Paling tidak, menurut Mochtar Kusumaatmadja, ada empat tujuan utama dari adanya hukum dalam kehidupan manusia, yakni terwujudnya kedamaian, ketertiban, kepastian, dan keadilan. Keempat tujuan tersebut, seyogianya tidak saling memisahkan. Semuanya harus menyatu dan jangan dipisah satu sama lain. Sesungguhnya ada satu tujuan hukum yang sangat tinggi dalam kehidupan kita, yakni kebahagiaan. Adanya hukum, justru harus bisa membuat kita menjadi semakin bahagia. Bukan sebaliknya, hukum dijadikan alat untuk merusak kebahagiaan.
Keempat tujuan di awal, seyogianya juga bermaksud mencapai tujuan hakiki kebahagiaan tersebut. Hukum demi terwujudnya kedamaian, ketertiban, kepastian, maupun keadilan, adalah untuk pencapaian tujuan yang lebih besar, yakni kebahagiaan.
Pada tataran empiris, banyak hukum yang terlihat sebaliknya. Tataran empiris ini, tidak bisa dilepaskan dari kontestasi antar berbagai bidang yang terus berlangsung. Sebagian pemikir beranggapan, bahwa kontestasi tersebut, antara lain disebabkan kehidupan yang terus berubah.
Bila kita merunut ke belakang, ada perbedaan yang nyata pada konsep hukum yang hidup dengan hukum yang kemudian dituliskan. Proses tersebut berlangsung dalam waktu yang lama. Berkembang pemikiran apa yang awalnya disebut hukum tradisional, berupa hukum adat yang berdasarkan kearifan lokal dan berbasis nilai-nilai. Dalam kehidupan manusia, dianggap tidak bermasalah karena semua orang merasa tidak bermasalah dengan hukum yang tradisional seperti itu. Walau tidak tertulis, tapi tidak banyak sengketa. Namun semakin berkembang manusia menyebabkan mereka semakin rakus.

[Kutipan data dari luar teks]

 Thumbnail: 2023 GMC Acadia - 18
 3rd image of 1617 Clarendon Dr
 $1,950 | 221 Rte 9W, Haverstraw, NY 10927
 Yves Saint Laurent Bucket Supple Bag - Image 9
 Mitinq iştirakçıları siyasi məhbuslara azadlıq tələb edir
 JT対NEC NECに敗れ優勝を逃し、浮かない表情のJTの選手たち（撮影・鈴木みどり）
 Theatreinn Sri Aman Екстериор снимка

Karena untuk menghindari adanya praktik “siapa kuat maka dia dapat” dengan kerakusannya, menyebabkan berbagai aturan harus dipersiapkan.

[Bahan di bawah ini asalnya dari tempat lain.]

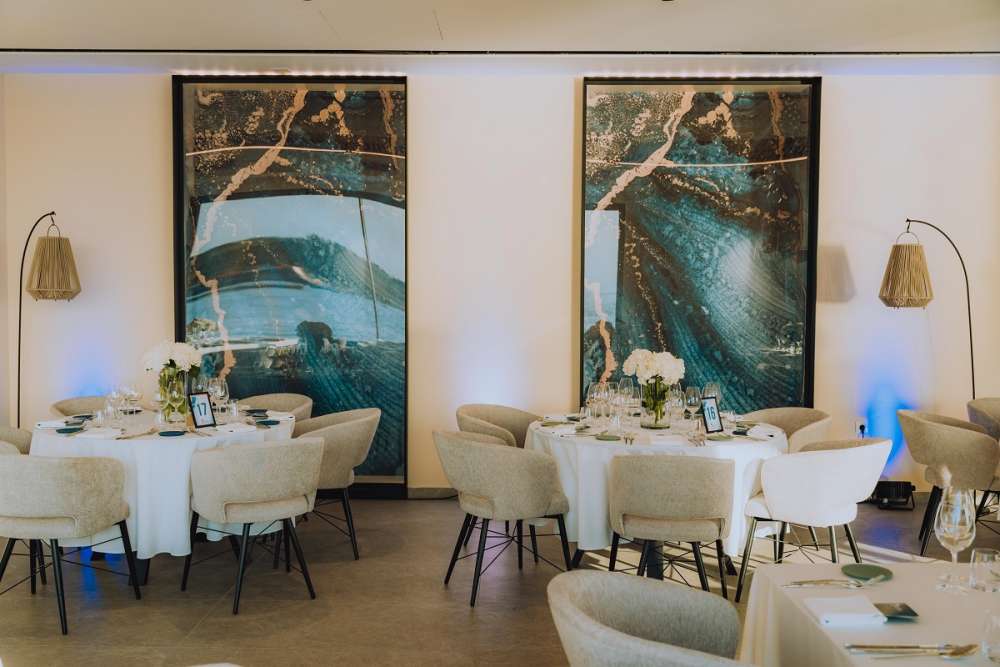 7 Seas Restaurant & Bar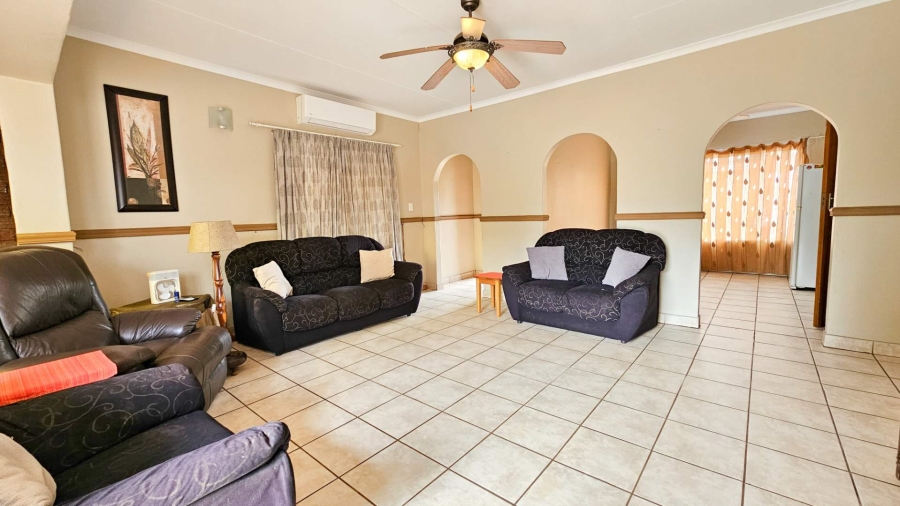 3 Bedroom Property for Sale in Annlin Gauteng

Ketika dunia sudah demikian berkembang ke arah modern, yang salah satunya ditandai dengan rasionalitas, seringkali dianggap bahwa hukum tidak tertulis tidak lagi mampu menangani masyarakat yang semakin modern. Karenanya, hukum tersebut perlu diganti oleh hukum tertulis yang merupakan bagian dari kehidupan masyarakat modern. Maka salah satu ukuran dalam hukum modern adalah ia harus tertulis sedemikian rupa, berjalan dengan logika mekanis dan keteraturan. Semua hal seolah-olah harus ditulis, karena alasan untuk keteraturan tersebut. Dari beberapa tujuan hukum (kedamaian, ketertiban, kepastian, keadilan), seolah-olah ia sudah berhenti pada tujuan keteraturan atau ketertiban. Dalam pidato guru besarnya pada tahun 2000, Satjipto Rahardjo menyentakkan kita. Katanya, Indonesia yang konon sebagai negara hukum yang penuh keteraturan, ternyata yang terlihat dalam realitas empiris adakah ketidakaturan.
Perbedaan antara tujuan hukum dengan nilai dasar hukum, bisa teresab dalam narasi di atas.